Program the machine to knead for 10 minutes. Add the salt and set the machine to go through the knead cycle, which will include 3 minutes of mixing and 7 minutes of kneading.

Let the dough rest for 20 minutes. Add the raisins and walnuts and reset the machine to mix for 3 minutes.

Stand Mixer Method Into the bowl of a stand mixer fitted with the dough hook, pour the water. Use sharp scissors, dipped in water if it is sticky, to cut the biga into many small pieces, letting them drop into the water. Add the flour and yeast, and mix on low speed for about 1 minute, or until the flour is moistened enough to form a rough dough. Scrape down any bits of dough from the sides of the bowl. Sprinkle on the salt and knead the dough on medium speed for about 7 minutes. The dough should be very elastic and smooth, and sticky enough to cling to your fingers. Cover the top of the bowl with plastic wrap and let the dough rest for 20 minutes. Add the raisins and walnuts and knead on low speed for about 1 minute, or until evenly incorporated.

Let the Dough Rise Twice

Using a spatula or dough scraper that has been lightly coated with nonstick cooking spray, scrape the dough into a 2 quart/2 liter dough rising container or bowl that has been lightly coated with nonstick cooking spray. Push down the dough and lightly coat the surface with nonstick cooking spray. (The dough should weigh about 18 ounces/510 grams.) Cover the container with a lid or plastic wrap. With a piece of tape, mark the side of the container at approximately where double the height of the dough should be after rising. Let the dough rise in a warm place (ideally at 75° to 85°F/24° to 29°C) until it reaches the mark, 1 to 1½ hours. (See recommended rising environments.)

Using a spatula or dough scraper that has been lightly coated with nonstick cooking spray, turn the dough onto a lightly floured counter and gently press down on the dough to form a rectangle. Give it a four-sided stretch and fold (gently stretch out one side at a time and fold it into the center). Round the corners and set it back into the container.

Again, lightly coat the surface of the dough with nonstick cooking spray, cover with plastic wrap, and mark where double the height should now be after rising. (The dough will fill the container fuller than before because it is puffier with air.) Let it rise until it reaches the mark, about 45 minutes to 1 hour. If time allows, for extra flavor, give the bread the second rise overnight in the refrigerator instead.

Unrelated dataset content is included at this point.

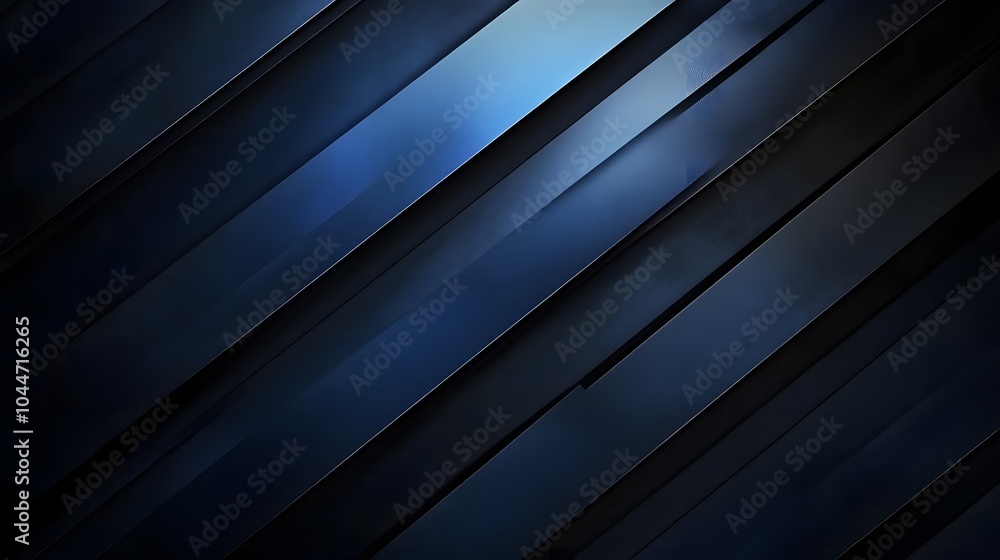 abstract blue and black are light pattern with the gradient is the with floor wall metal texture soft tech diagonal background black dark clean modern. abstract blue and black are light pattern with the gradient is the with floor wall metal texture soft tech diagonal background black dark clean modern.
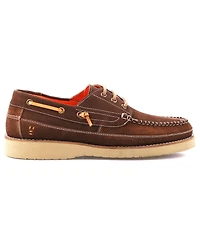 Roan Men's Glory Slip-on Shoe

Turn the dough onto a lightly floured counter and press the dough down to flatten it slightly. The dough will still be sticky, but use only as much flour as absolutely necessary. Cover the dough and let it rest for 20 minutes before shaping (1 hour if it has been refrigerated).

Shape the Dough and Let It Rise

Gently flatten the dough into a 7 by 5 inch rectangle, with the longer side facing you. Fold down the two upper corners about 3 inches to form a triangle and press down the dough. Set the apricots in a staggered row lengthwise across the dough, under the triangle. Starting from the top, roll the dough to encase the apricots. When you reach the bottom edge of the dough, pinch it firmly against the outside of the dough to make a tight seam. The torpedo-shaped dough should be about 10 by 3 by 2 inches high. Set it on the prepared baking sheet.

Cover the dough loosely with plastic wrap that has been lightly coated with cooking spray. Let the dough rise in a warm place (ideally at 75° to 85°F/24° to 29°C) for about 45 minutes to 1 hour, until about 11 by 3½ by 2⅛ inches high, and when pressed gently with a fingertip, the depression fills in very slowly.

Store

Room temperature, 2 days; airtight: frozen, 3 months.